Всякий раз, когда гримерша начинала промакивать потекшего Дасти, мы брали крупным планом Фрэнка или Билли, но к тому времени, как подходил его черед отвечать на какой-нибудь вопрос, с его лба уже опять низвергалась Ниагара.
Кто-то принес портативный вентилятор и предложил использовать его как средство охлаждения Дасти, пока на того не повернется камера. Идея состояла в том, что, как только камера поворачивается, Дасти должен быстро опустить вентилятор и отвечать на вопрос. Она понравилась не только самому Дасти, но и нашему звукооператору Мюррею, который сказал, что мягкое гудение вентилятора не создаст никаких проблем.
И вот в тот самый момент, когда я перед камерой беседовал с Билли, случилось неизбежное: вентилятор каким-то макаром запутался в бороде, и мы убили целый час, выпутывая его обратно.
На самом деле это была своего рода проверка.

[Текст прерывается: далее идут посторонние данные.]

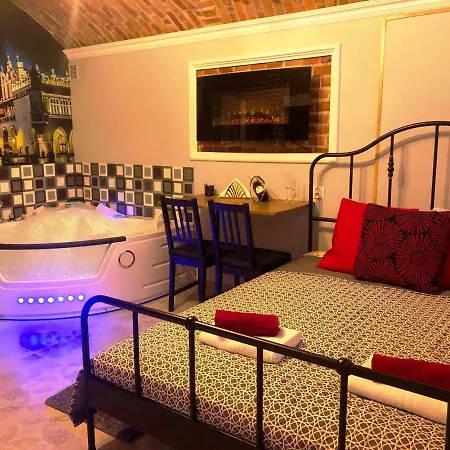 Underground Jacuzzi Bed & Breakfast *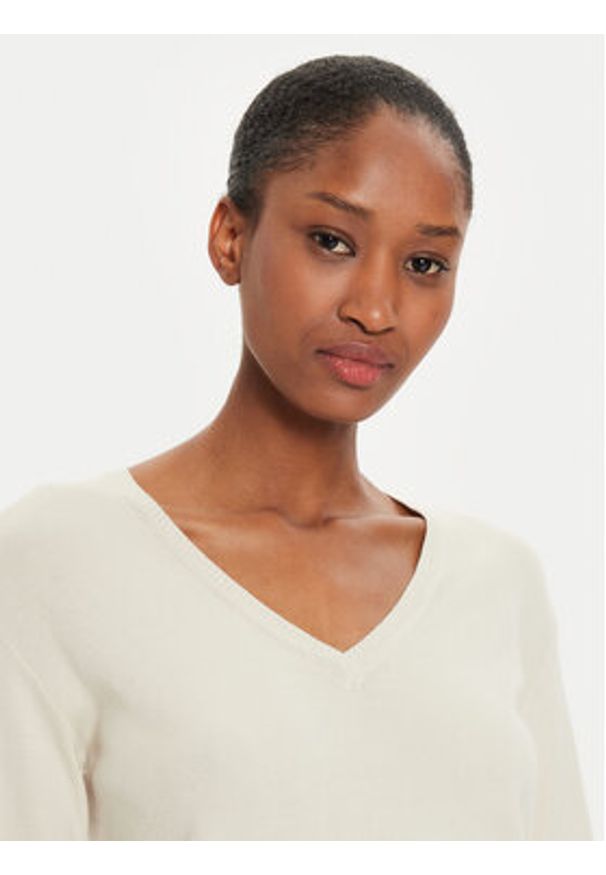 United Colors of Benetton - United Colors Of Benetton Sweter 1091D4625 Beżowy Regular Fit. Kolor: beżowy. Materiał: bawełna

Если бы эти парни оказались обычными тупыми и наглыми рок-звездами, они бы после всего этого встали и моментально свалили. Но они остались. Впрочем, Билли все равно не мог никуда уйти, поскольку ржал так, что чуть не лопнул по швам.
Музыканты оказались повернуты на автомобилях. Когда они были еще подростками, то где-то надыбали сплетенный из стальной проволоки шар с сиденьем внутри. Оригинальное предназначение шара так и осталось загадкой. Подростки придумали играть с ним в такую игру: кто-нибудь забирался в шар и запирал проволочную дверь изнутри, а его друзья сбрасывали шар с борта движущегося на полной скорости грузовика. После того как Фрэнк пережил сброс на скорости 80 миль в час, была написана песня «Мастер искр».